Algo parecido –en términos de organización por la lucha de derechos y salvando las distancias- ocurrió en nuestro país con la ley de matrimonio igualitario con la que la Argentina se puso internacionalmente a la cabeza de muchas reivindicaciones. Y el proceso local entraña, quizás, otro aprendizaje: en ocasiones instalar la agenda y el debate es la parte más problemática de la tarea, y la polémica tiende casi a desaparecer –afortunadamente- una vez tomada la decisión.
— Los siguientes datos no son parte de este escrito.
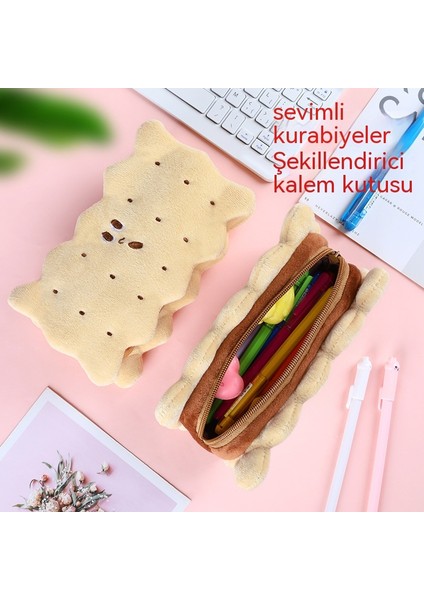 Peluş Kalem Çantası Öğrenci Karikatür Yaratıcı Sevimli Sandviç Bisküvi Kırtasiye Kutusu Girly Kalp Büyük Kapasiteli Basit Çanta (Yurt Dışından)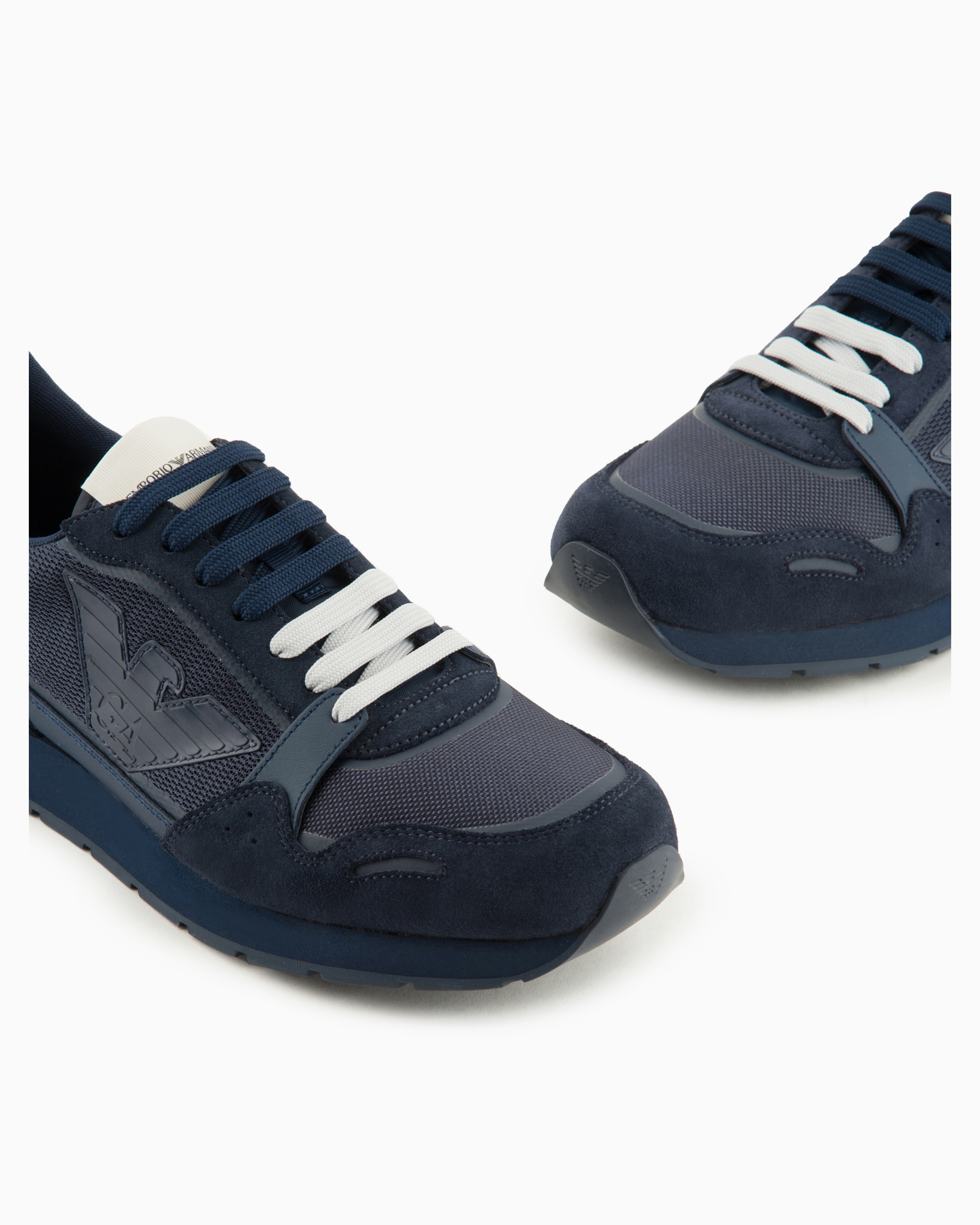 EMPORIO ARMANI MESH SNEAKERS WITH SUEDE DETAILS AND EAGLE PATCH 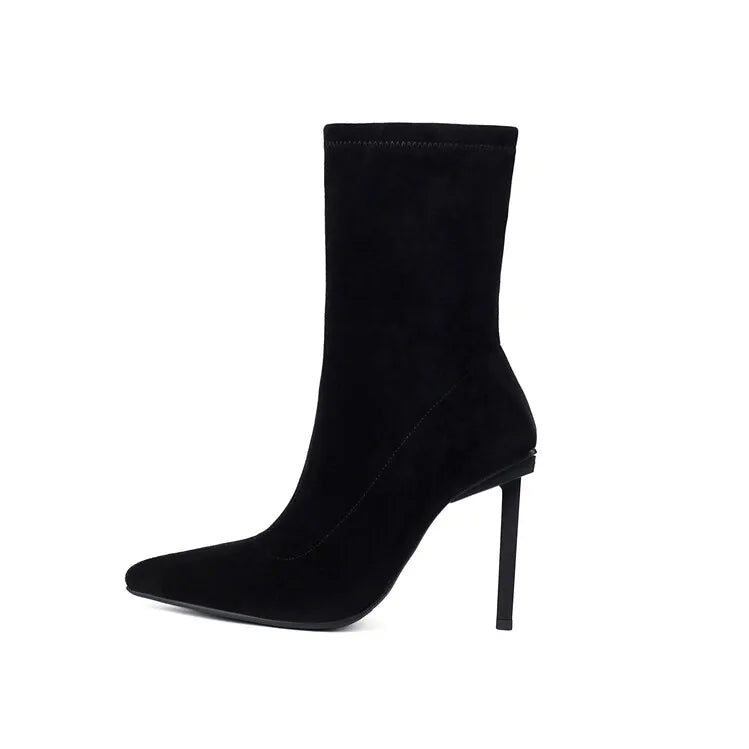 Suede Elastic Ankle Boots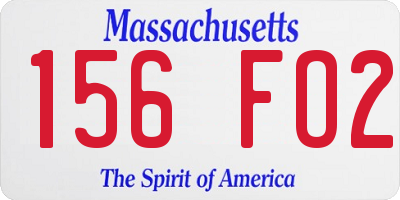 MA license plate 156FO2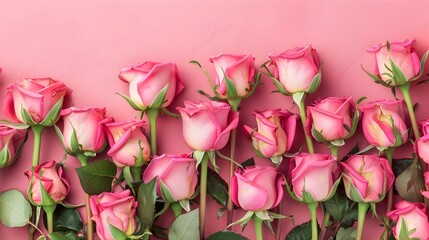 Pink Roses, petals, Valentine's Day Love Banner Background, with copy space for text, HD, Wallpaper, Flowers, romantic, minimal product display mock up 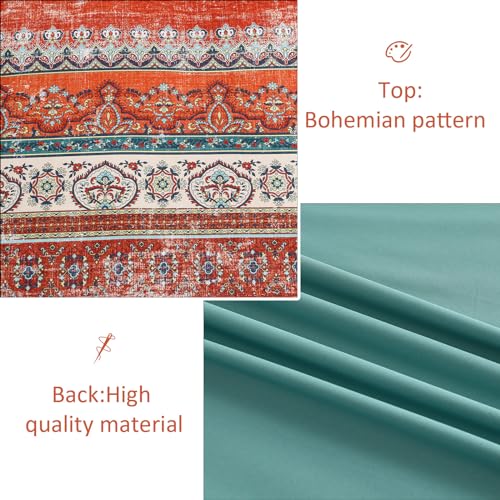 Image of Cottolester Boho Full Comforter Set 8 Pieces, Terracotta Comforter Bohemian Striped Bed in A Bag,Soft Microfiber Bedding Set for All Seasons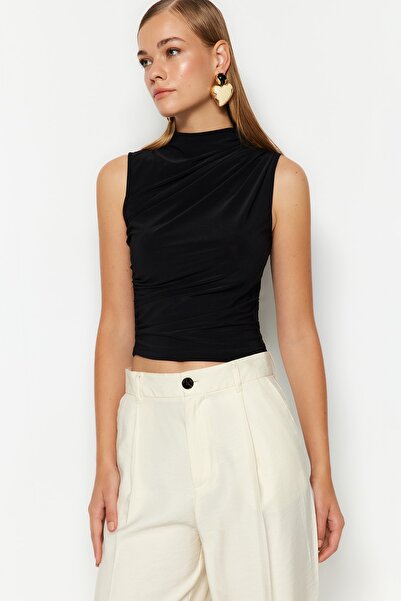 Trendyol Collection Černá pletená halenka TWOSS23BZ01009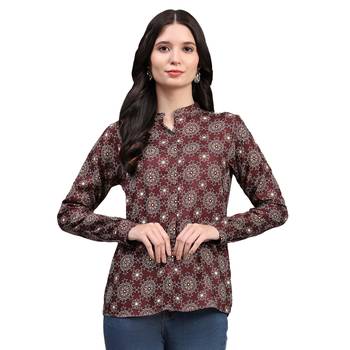 Maroon blended cotton women shirt 1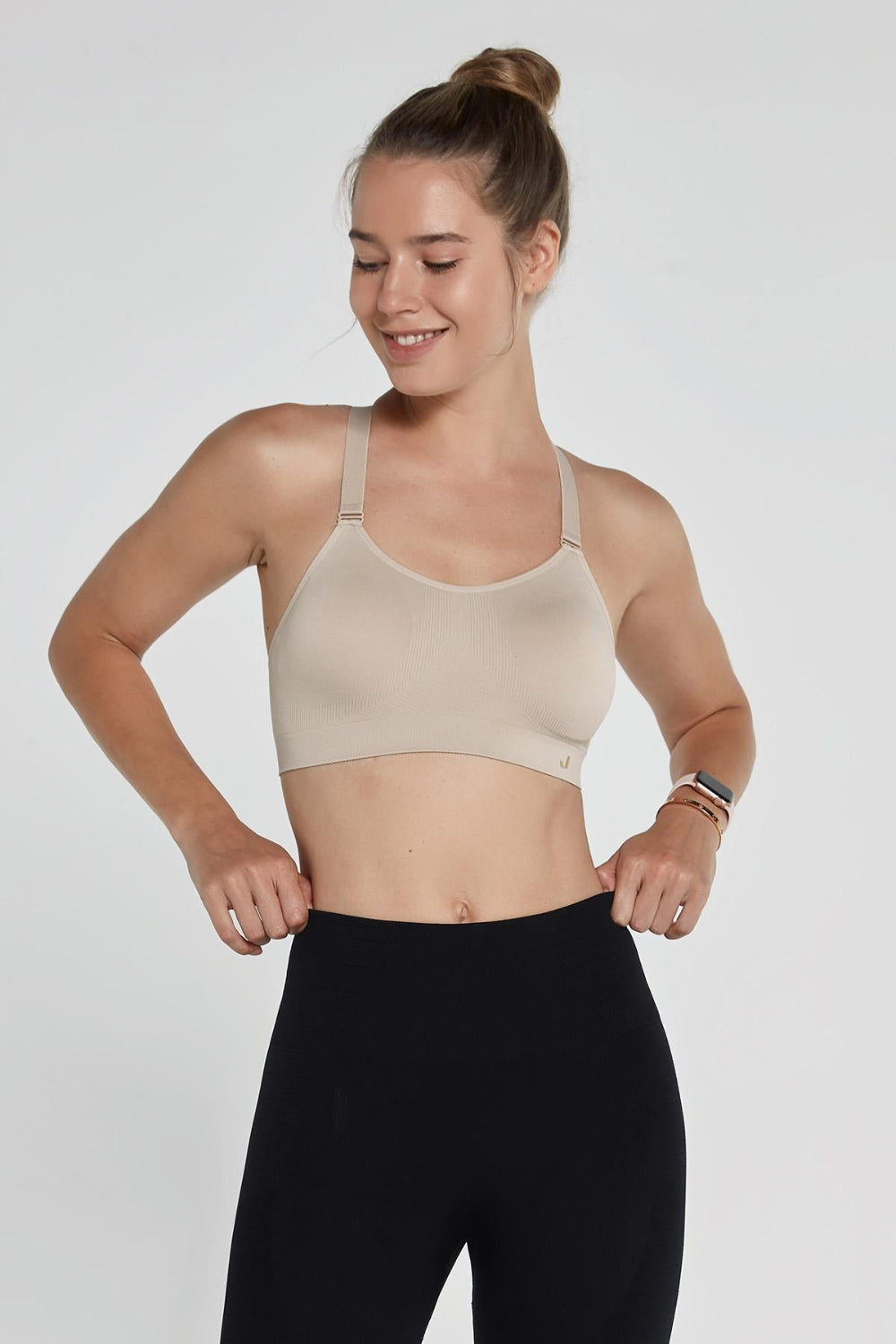 Jerf-Utica Yumuşak & Esnek Yapılı Kaplı Spor Sütyeni Bej-Spor Sütyeni-1-Milagron.com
Al margen de las comparaciones resulta claro que, en el caso del VIH/sida, el logro de la mayoría de las sociedades modernas en controlar una enfermedad tan sanguinaria se debió a múltiples factores: conocimiento acumulado en investigación, el celo de algunos científicos, el cambio de la agenda estatal, la acción de ONGs y la vocación de comunicación masiva del problema, por citar algunos. Pero no es menos cierto que esa convicción y capacidad de organización del movimiento homosexual frente a la adversidad fue el imprescindible punto de partida. Es en gran medida debido a ello que el 1 de diciembre pasado conmemoramos un nuevo aniversario de la lucha contra el VIH/sida con el alivio de que una epidemia que se cobró más de veinticinco millones de vidas es hoy, concientización y tratamiento antirretroviral mediante, casi una enfermedad crónica con la que es posible vivir.